- _DIRECTIONS FOR THIS TASK_
Instruction for the entries below: return the part that opens with the line containing "2025必看：最受欢迎的中国版以太坊钱包推荐" and closes with the line containing "Kjötsúpa Icelandic Lamb Soup", exactly, and no pictures.

- _RAW DATA_

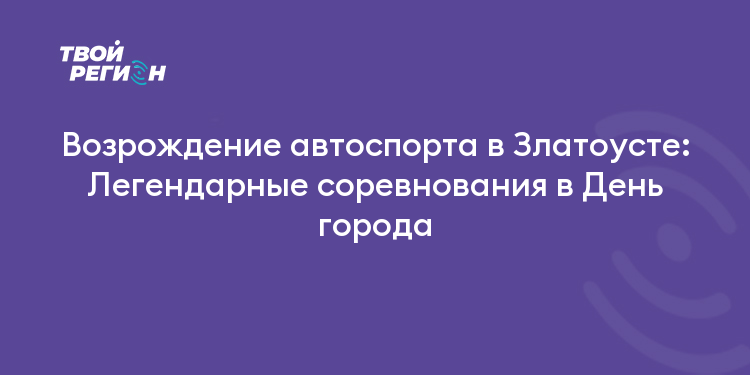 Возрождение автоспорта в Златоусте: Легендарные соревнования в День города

--

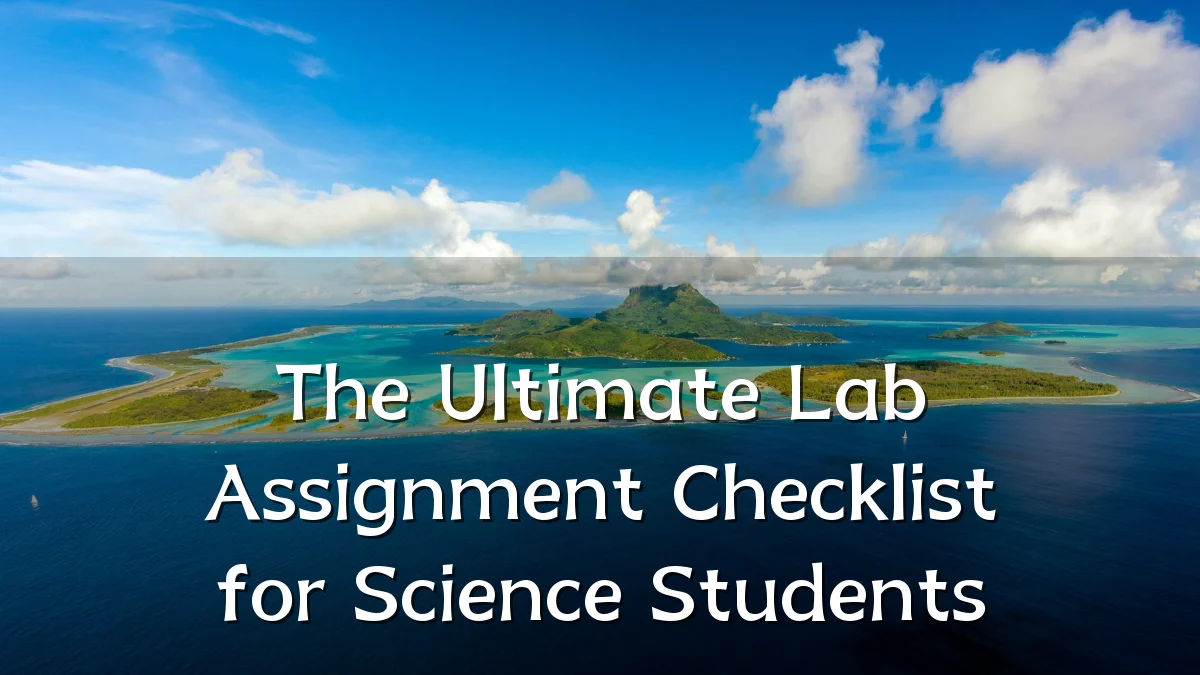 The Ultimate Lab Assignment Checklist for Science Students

---

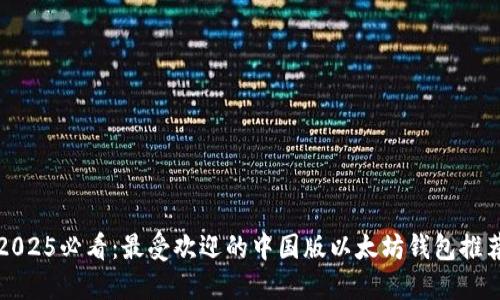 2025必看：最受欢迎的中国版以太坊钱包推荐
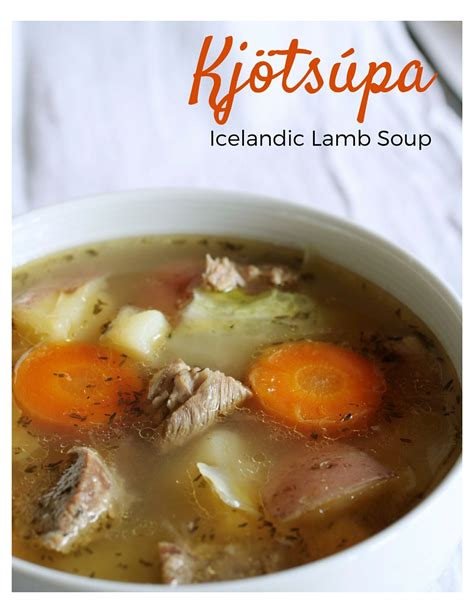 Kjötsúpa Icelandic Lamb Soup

- _WRITTEN SOLUTION_
 2025必看：最受欢迎的中国版以太坊钱包推荐
 Kjötsúpa Icelandic Lamb Soup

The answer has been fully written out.